# [Work to be completed]
A verbatim transcript of the data below is required, images omitted.

# [Dataset excerpt]
-.-.-

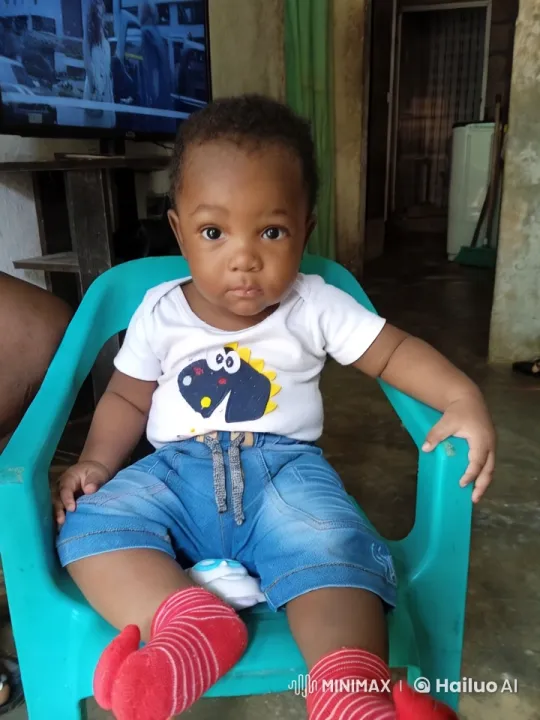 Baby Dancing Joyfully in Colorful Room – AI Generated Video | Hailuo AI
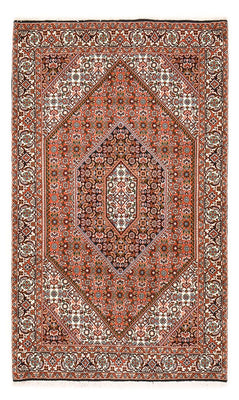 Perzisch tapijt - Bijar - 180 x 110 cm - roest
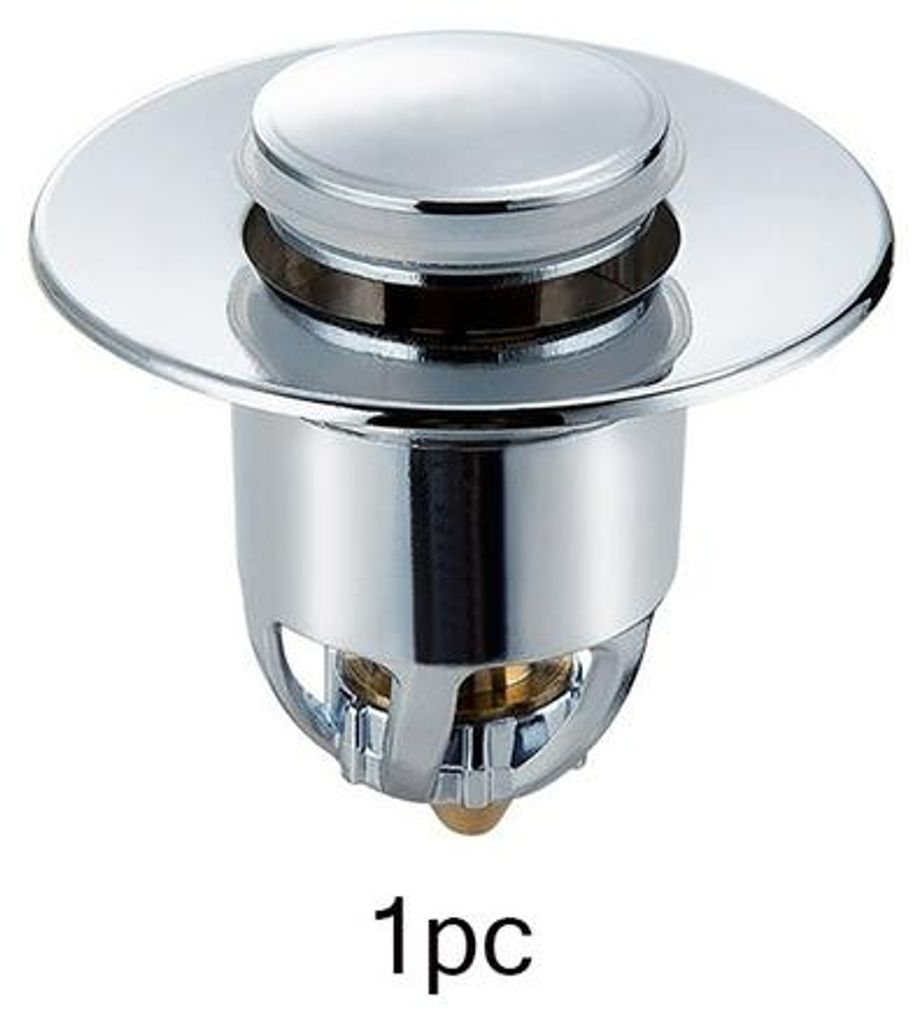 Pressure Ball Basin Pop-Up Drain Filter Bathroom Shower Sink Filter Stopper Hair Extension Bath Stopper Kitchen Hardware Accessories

-.-.-

# [Answer to this problem]
 Baby Dancing Joyfully in Colorful Room – AI Generated Video | Hailuo AI
 Perzisch tapijt - Bijar - 180 x 110 cm - roest
 Pressure Ball Basin Pop-Up Drain Filter Bathroom Shower Sink Filter Stopper Hair Extension Bath Stopper Kitchen Hardware Accessories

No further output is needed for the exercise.